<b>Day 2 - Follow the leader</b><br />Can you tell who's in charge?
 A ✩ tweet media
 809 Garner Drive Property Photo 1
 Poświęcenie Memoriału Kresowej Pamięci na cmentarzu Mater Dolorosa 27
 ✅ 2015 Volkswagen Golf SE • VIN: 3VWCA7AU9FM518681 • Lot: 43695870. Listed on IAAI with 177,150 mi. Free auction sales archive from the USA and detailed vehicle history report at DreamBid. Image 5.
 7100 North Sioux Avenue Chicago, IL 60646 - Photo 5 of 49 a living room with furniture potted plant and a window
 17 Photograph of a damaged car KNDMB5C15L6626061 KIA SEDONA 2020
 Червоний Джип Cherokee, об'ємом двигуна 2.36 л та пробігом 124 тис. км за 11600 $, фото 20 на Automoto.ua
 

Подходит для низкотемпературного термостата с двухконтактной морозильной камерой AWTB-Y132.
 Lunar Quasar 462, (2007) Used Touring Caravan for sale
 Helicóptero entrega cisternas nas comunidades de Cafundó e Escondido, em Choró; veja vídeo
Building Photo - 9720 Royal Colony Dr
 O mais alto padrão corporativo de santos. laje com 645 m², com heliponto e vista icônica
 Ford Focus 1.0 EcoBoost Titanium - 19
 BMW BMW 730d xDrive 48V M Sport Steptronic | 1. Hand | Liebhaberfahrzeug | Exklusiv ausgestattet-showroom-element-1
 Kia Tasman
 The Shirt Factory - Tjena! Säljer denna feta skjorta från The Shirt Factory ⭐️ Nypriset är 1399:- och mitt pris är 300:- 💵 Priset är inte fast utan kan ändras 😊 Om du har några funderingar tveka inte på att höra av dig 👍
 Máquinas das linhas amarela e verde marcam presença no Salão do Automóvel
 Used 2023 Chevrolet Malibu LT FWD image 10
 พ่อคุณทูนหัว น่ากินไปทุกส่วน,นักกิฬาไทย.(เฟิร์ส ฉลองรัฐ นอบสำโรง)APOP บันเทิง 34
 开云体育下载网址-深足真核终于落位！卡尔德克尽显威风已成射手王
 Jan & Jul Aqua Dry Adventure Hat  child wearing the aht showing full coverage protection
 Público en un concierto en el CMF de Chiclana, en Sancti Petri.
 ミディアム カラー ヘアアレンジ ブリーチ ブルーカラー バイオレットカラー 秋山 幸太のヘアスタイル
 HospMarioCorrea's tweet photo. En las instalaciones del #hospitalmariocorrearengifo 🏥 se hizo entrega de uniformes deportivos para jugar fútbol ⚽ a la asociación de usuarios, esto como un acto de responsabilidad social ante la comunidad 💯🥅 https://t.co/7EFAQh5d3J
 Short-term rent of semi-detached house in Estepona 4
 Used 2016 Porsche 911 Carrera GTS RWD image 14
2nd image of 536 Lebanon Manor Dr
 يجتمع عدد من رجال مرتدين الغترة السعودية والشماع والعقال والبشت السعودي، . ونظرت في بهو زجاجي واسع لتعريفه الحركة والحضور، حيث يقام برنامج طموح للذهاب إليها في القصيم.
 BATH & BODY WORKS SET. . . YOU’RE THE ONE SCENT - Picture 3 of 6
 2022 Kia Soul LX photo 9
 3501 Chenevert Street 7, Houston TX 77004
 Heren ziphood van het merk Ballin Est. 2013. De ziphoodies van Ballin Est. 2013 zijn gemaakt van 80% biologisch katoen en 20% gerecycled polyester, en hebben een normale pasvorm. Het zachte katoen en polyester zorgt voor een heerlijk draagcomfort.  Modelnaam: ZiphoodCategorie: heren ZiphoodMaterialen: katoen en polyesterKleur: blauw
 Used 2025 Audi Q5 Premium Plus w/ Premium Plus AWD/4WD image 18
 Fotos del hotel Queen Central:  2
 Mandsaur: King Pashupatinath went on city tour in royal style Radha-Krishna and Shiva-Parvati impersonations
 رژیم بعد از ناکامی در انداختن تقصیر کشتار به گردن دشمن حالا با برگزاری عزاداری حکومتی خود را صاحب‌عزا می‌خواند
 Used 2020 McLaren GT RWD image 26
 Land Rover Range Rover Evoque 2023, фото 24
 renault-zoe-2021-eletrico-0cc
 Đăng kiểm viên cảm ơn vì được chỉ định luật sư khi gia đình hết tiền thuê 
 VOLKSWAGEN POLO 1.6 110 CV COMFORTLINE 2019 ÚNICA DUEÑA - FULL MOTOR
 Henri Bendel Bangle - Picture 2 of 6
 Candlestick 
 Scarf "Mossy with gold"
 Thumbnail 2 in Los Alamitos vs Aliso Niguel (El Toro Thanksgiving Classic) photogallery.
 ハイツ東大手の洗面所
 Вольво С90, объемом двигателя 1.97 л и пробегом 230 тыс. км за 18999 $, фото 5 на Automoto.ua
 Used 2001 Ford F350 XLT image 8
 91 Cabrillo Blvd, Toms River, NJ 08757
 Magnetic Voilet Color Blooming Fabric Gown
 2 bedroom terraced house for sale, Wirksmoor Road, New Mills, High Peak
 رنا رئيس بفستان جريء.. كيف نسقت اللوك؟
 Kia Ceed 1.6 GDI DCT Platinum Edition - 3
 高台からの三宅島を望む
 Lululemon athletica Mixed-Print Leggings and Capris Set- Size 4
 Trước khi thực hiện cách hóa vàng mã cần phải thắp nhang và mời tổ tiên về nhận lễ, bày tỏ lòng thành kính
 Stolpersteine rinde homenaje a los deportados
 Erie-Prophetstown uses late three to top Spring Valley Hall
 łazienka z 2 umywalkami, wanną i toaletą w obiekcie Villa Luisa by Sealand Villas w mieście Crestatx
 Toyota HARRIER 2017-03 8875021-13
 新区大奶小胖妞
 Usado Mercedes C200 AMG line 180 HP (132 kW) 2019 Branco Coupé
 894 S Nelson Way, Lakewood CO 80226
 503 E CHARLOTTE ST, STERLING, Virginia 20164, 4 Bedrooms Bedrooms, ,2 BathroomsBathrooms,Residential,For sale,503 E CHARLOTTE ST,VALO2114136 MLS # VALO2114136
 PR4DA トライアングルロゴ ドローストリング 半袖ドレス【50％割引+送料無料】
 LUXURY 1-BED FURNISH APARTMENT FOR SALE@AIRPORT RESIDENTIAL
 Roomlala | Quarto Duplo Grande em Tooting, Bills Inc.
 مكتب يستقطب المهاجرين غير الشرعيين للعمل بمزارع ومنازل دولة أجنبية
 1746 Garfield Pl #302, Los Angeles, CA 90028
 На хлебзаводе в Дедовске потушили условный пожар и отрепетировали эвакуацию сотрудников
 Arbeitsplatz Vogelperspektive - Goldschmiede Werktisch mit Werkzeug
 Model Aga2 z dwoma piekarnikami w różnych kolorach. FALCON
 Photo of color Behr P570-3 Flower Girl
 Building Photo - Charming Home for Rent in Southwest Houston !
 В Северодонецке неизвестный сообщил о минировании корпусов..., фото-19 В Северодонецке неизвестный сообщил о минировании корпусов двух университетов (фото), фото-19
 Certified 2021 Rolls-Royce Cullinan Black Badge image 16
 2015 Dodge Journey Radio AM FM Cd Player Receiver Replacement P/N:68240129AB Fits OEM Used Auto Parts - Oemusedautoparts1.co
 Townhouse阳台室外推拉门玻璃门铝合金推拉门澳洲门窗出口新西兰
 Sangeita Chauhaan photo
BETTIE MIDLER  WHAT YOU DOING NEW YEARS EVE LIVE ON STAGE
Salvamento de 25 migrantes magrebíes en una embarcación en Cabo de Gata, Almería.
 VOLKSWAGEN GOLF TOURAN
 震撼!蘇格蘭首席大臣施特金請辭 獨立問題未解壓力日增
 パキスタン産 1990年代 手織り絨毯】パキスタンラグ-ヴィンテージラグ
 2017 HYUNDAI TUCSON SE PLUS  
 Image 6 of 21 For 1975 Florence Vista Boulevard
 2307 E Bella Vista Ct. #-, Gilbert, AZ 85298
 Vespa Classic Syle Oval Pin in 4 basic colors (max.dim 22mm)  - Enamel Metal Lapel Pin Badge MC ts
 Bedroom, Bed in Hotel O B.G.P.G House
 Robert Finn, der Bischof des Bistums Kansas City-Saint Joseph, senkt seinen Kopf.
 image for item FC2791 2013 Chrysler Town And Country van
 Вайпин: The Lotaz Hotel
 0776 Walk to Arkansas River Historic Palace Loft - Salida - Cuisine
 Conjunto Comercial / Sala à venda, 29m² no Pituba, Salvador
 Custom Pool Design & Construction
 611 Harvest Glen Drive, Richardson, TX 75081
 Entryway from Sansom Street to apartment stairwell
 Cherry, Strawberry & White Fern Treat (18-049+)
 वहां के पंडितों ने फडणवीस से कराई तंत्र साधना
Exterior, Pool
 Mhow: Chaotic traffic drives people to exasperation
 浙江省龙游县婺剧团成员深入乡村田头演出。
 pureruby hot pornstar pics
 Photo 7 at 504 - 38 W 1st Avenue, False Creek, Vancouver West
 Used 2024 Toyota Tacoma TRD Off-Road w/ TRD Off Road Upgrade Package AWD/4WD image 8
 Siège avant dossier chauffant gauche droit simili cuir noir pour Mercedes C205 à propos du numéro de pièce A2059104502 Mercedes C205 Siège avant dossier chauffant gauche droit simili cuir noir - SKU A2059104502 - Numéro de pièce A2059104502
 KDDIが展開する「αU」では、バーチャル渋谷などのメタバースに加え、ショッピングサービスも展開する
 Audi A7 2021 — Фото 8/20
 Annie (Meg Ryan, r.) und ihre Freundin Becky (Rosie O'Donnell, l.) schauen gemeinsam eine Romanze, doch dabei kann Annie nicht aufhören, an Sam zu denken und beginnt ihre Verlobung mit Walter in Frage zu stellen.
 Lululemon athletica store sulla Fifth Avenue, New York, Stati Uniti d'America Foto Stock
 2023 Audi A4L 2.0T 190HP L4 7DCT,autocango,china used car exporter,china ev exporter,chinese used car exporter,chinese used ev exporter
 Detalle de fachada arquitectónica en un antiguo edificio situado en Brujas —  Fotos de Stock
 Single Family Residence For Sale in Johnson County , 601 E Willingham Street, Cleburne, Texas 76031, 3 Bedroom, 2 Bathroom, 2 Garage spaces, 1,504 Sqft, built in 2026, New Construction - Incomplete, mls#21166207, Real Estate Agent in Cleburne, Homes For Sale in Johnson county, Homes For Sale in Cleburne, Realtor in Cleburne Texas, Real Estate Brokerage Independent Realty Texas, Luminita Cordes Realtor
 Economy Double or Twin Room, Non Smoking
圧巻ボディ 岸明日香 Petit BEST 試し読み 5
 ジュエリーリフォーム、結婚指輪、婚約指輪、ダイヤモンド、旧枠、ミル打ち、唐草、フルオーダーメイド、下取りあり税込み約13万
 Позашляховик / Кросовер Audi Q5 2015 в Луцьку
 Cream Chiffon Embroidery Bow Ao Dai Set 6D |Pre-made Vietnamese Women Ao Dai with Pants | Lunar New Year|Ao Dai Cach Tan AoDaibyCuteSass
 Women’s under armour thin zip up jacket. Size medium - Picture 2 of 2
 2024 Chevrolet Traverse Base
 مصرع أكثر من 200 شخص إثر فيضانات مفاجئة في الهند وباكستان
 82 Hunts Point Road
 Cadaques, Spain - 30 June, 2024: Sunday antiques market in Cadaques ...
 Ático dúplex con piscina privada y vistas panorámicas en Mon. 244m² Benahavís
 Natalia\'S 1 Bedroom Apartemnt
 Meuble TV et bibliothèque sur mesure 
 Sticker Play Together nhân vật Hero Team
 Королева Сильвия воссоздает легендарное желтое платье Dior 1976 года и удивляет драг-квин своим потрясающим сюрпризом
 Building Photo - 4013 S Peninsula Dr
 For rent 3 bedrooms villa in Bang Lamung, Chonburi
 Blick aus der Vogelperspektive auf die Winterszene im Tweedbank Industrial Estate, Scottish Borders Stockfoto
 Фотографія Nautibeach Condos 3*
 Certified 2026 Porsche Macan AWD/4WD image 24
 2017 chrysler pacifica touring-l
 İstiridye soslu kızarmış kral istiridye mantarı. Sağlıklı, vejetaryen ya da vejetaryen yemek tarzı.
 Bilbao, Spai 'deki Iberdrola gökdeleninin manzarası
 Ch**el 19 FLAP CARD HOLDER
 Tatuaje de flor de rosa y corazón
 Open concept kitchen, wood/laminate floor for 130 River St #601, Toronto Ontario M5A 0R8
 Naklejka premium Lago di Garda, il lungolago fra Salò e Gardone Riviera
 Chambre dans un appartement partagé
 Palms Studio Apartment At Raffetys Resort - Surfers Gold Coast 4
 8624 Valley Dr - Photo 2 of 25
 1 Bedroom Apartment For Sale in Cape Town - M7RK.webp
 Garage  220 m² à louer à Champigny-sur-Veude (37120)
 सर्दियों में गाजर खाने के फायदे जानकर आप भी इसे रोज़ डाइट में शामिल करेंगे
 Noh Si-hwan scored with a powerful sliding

● ● ● ● ●

Your task is to transcribe, with no changes, only the lines of the listing above that lie between the line holding "高台からの三宅島を望む" and the line holding "łazienka z 2", inclusive.

 高台からの三宅島を望む
 Lululemon athletica Mixed-Print Leggings and Capris Set- Size 4
 Trước khi thực hiện cách hóa vàng mã cần phải thắp nhang và mời tổ tiên về nhận lễ, bày tỏ lòng thành kính
 Stolpersteine rinde homenaje a los deportados
 Erie-Prophetstown uses late three to top Spring Valley Hall
 łazienka z 2 umywalkami, wanną i toaletą w obiekcie Villa Luisa by Sealand Villas w mieście Crestatx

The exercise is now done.